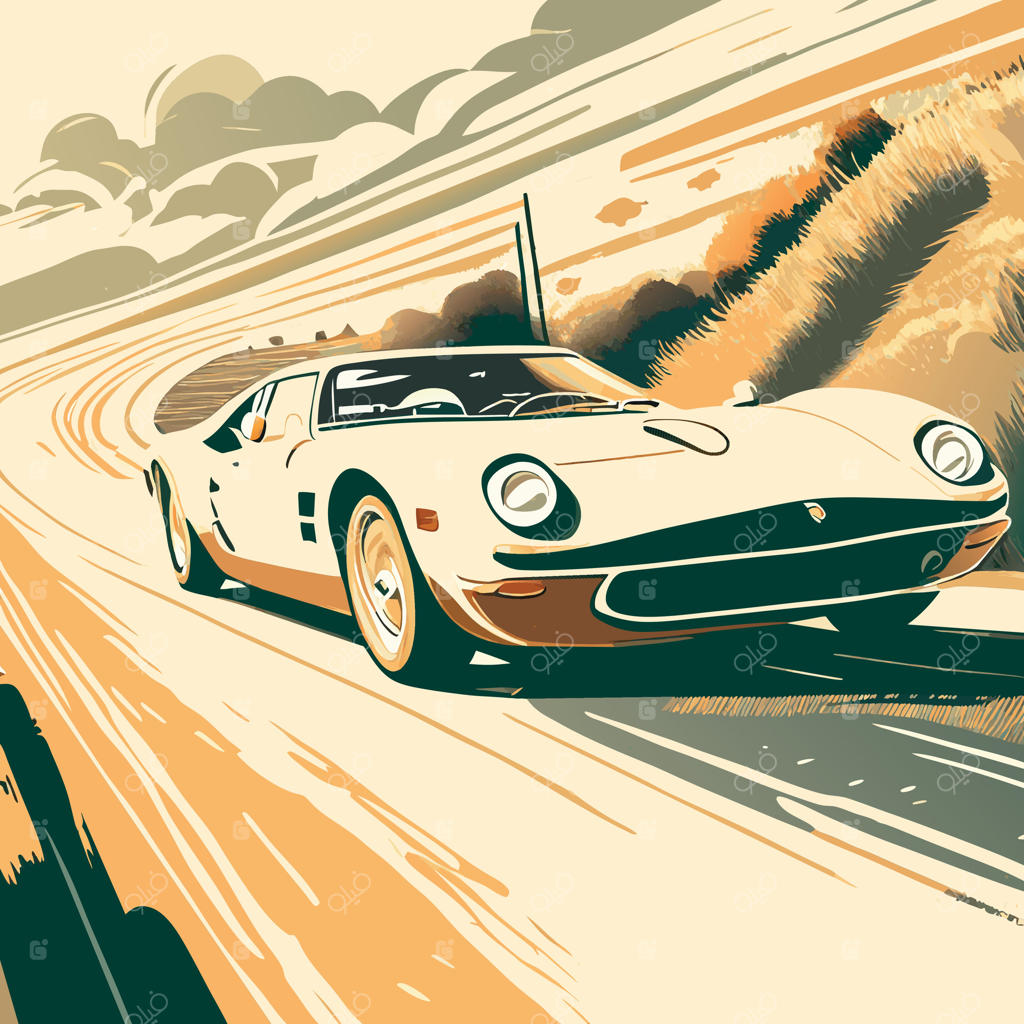 خودروی سفید در حال حرکت با سرعت بر روی جاده آسفالته در روز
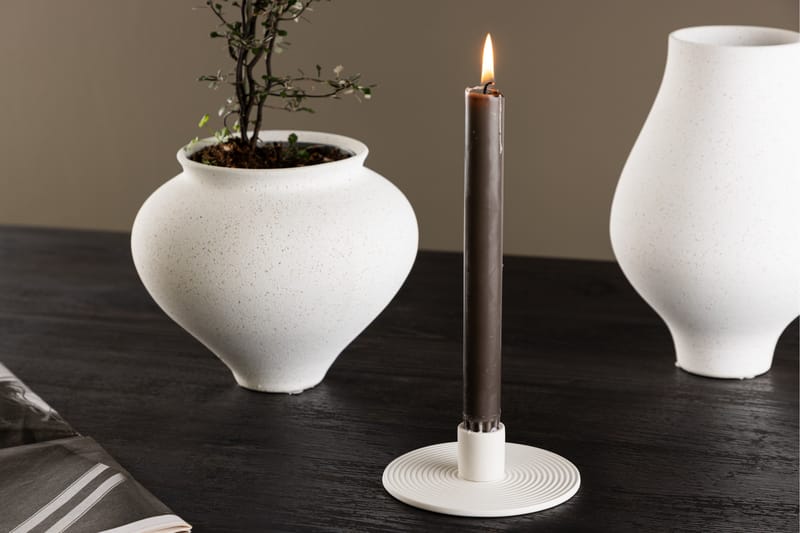 Dian Ljusstake 12x4 cm - Vit - Inredning & dekor - Ljus & dofter - Ljusstake & kandelaber - Kandelaber bord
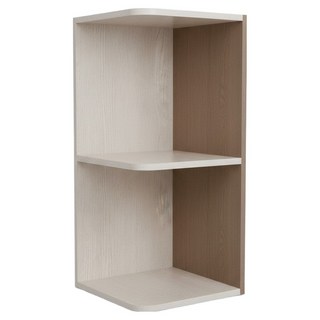 二層轉角櫃 30 x 30 x 54cm , 橡木色, 1個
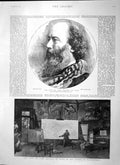 Original Old Antique Print 1897 John Gilbert Blackheath Ship Kaiser Friedrich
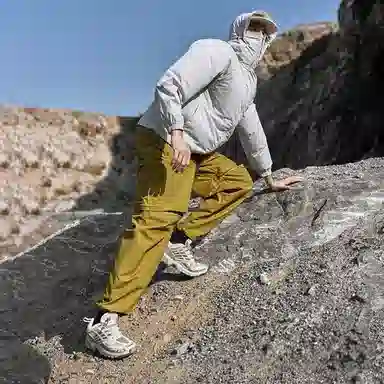 膨胀潮牌 纯色简约舒适直筒休闲裤 男女同款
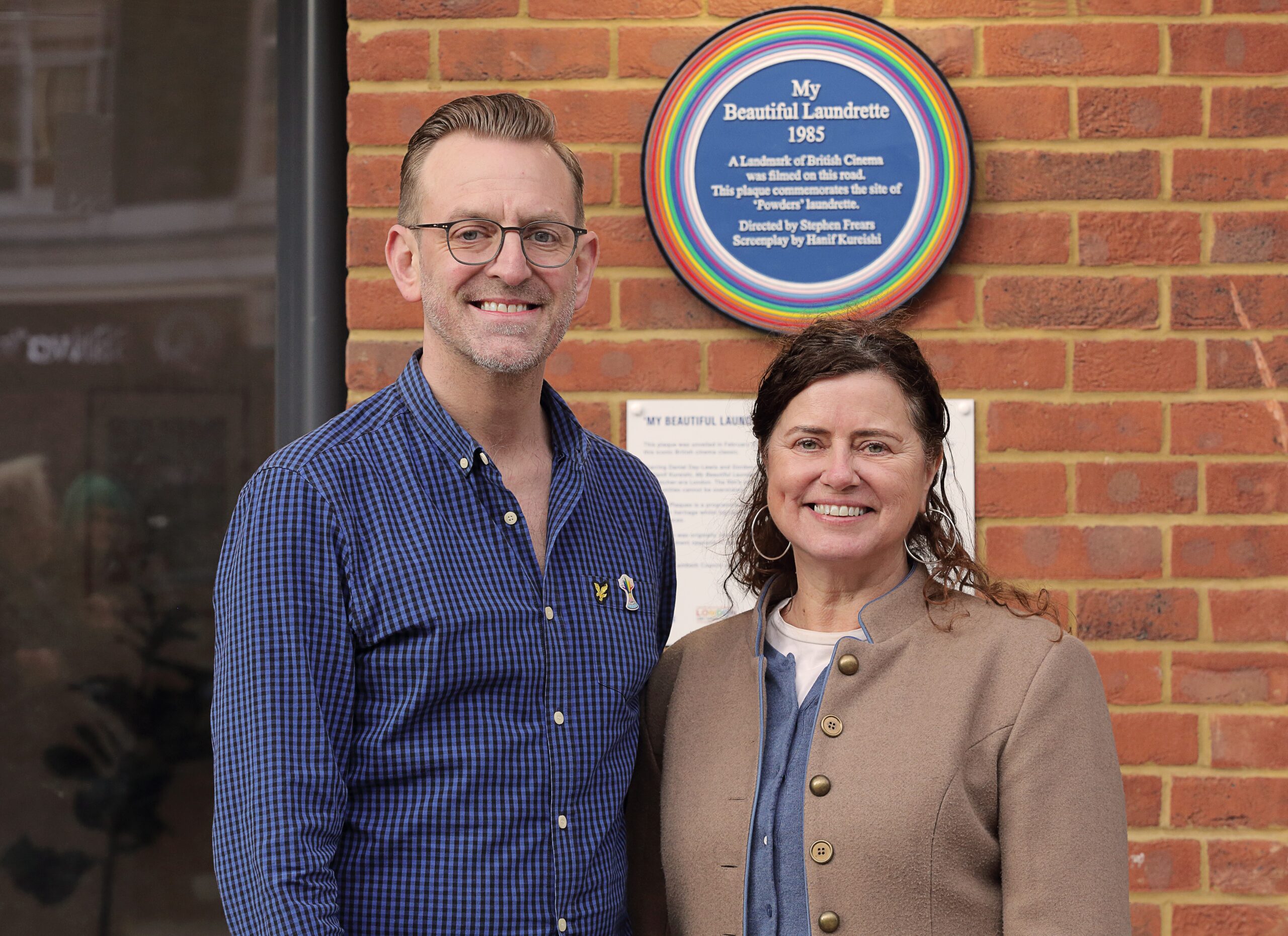 Rainbow plaque re-installed in LGBTQ+ History Month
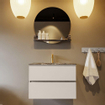 Mondiaz VICA-DLUX Ensemble de meuble de salle de bain - 70cm - meuble sous-vasque lin - 2 tiroirs - lavabo encastrée nuage milieu - 1 trou de robinet - version haute 60cm - lave SW1086144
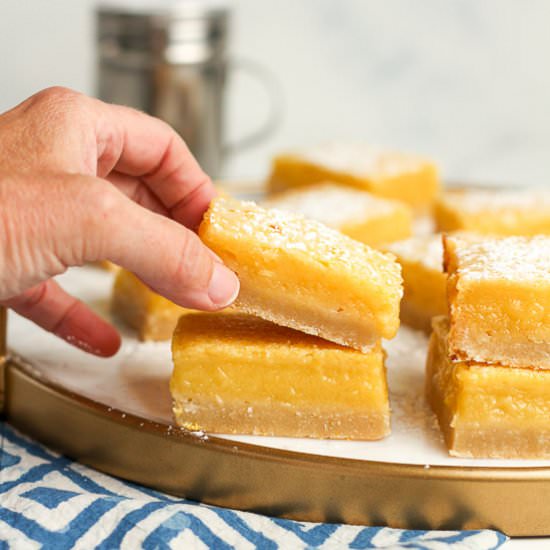 Lemon Shortbread Bars - Recipe photo by suebeehomemaker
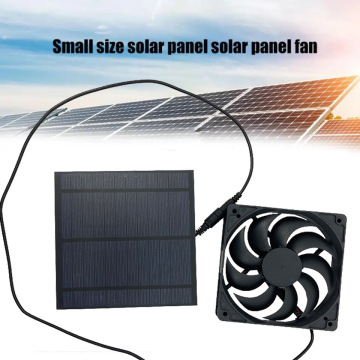 跨境太阳能板风扇 solar panel 宠物屋鸡狗舍通风散热 鸡舍排气扇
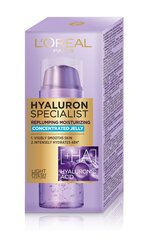 Niisutav päevakreem hüaluroonhappega L'Oreal Paris Hyaluron Specialist SPF20, 50 ml цена и информация | Сыворотки для лица, масла | kaup24.ee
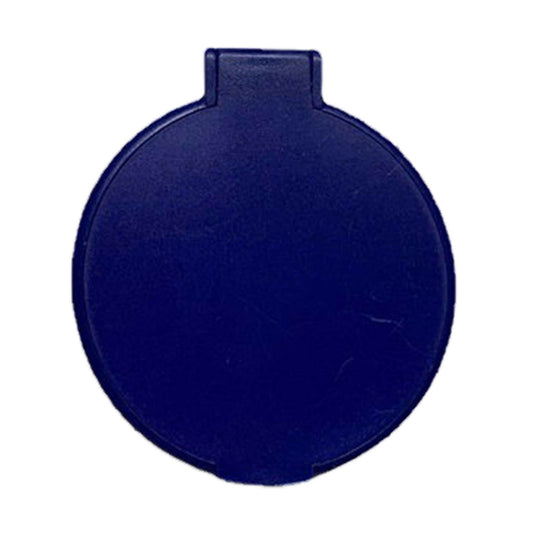 Single Sided Folding Circular Mirror Plastic Portable Compact Cosmetic Pocket Mirror Blue V1294-YM0512-3117220281913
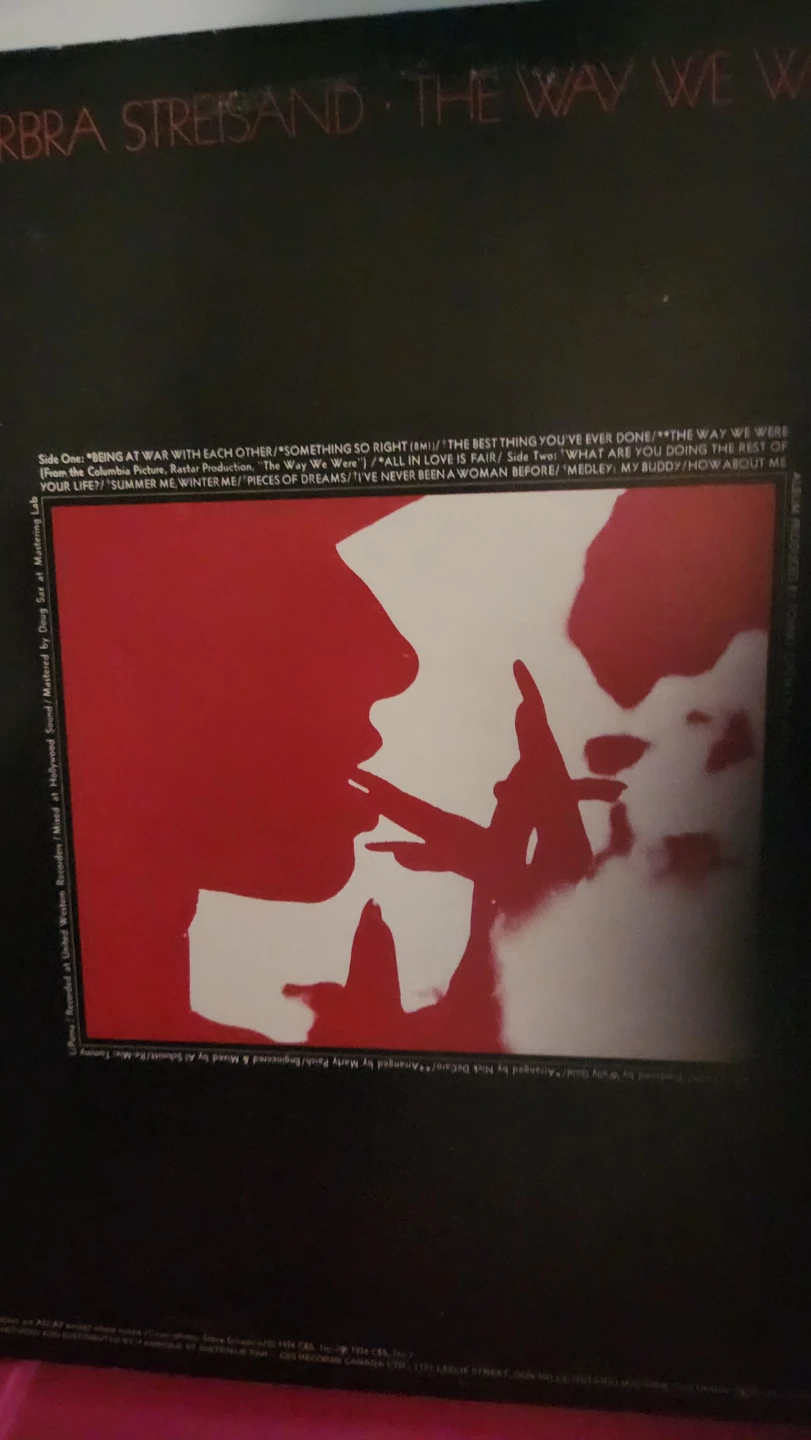 Barbra Streisand The Way We Were Vinyl Record LP - photo 3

******************************

### Exercise instructions
From the first line to the last, output the records exactly without pictures.

### Response to the task
 خودروی سفید در حال حرکت با سرعت بر روی جاده آسفالته در روز
 Dian Ljusstake 12x4 cm - Vit - Inredning & dekor - Ljus & dofter - Ljusstake & kandelaber - Kandelaber bord
 二層轉角櫃 30 x 30 x 54cm , 橡木色, 1個
 Original Old Antique Print 1897 John Gilbert Blackheath Ship Kaiser Friedrich
 膨胀潮牌 纯色简约舒适直筒休闲裤 男女同款
 Rainbow plaque re-installed in LGBTQ+ History Month
 Mondiaz VICA-DLUX Ensemble de meuble de salle de bain - 70cm - meuble sous-vasque lin - 2 tiroirs - lavabo encastrée nuage milieu - 1 trou de robinet - version haute 60cm - lave SW1086144
 Lemon Shortbread Bars - Recipe photo by suebeehomemaker
 跨境太阳能板风扇 solar panel 宠物屋鸡狗舍通风散热 鸡舍排气扇
 Niisutav päevakreem hüaluroonhappega L'Oreal Paris Hyaluron Specialist SPF20, 50 ml цена и информация | Сыворотки для лица, масла | kaup24.ee
 Single Sided Folding Circular Mirror Plastic Portable Compact Cosmetic Pocket Mirror Blue V1294-YM0512-3117220281913
 Barbra Streisand The Way We Were Vinyl Record LP - photo 3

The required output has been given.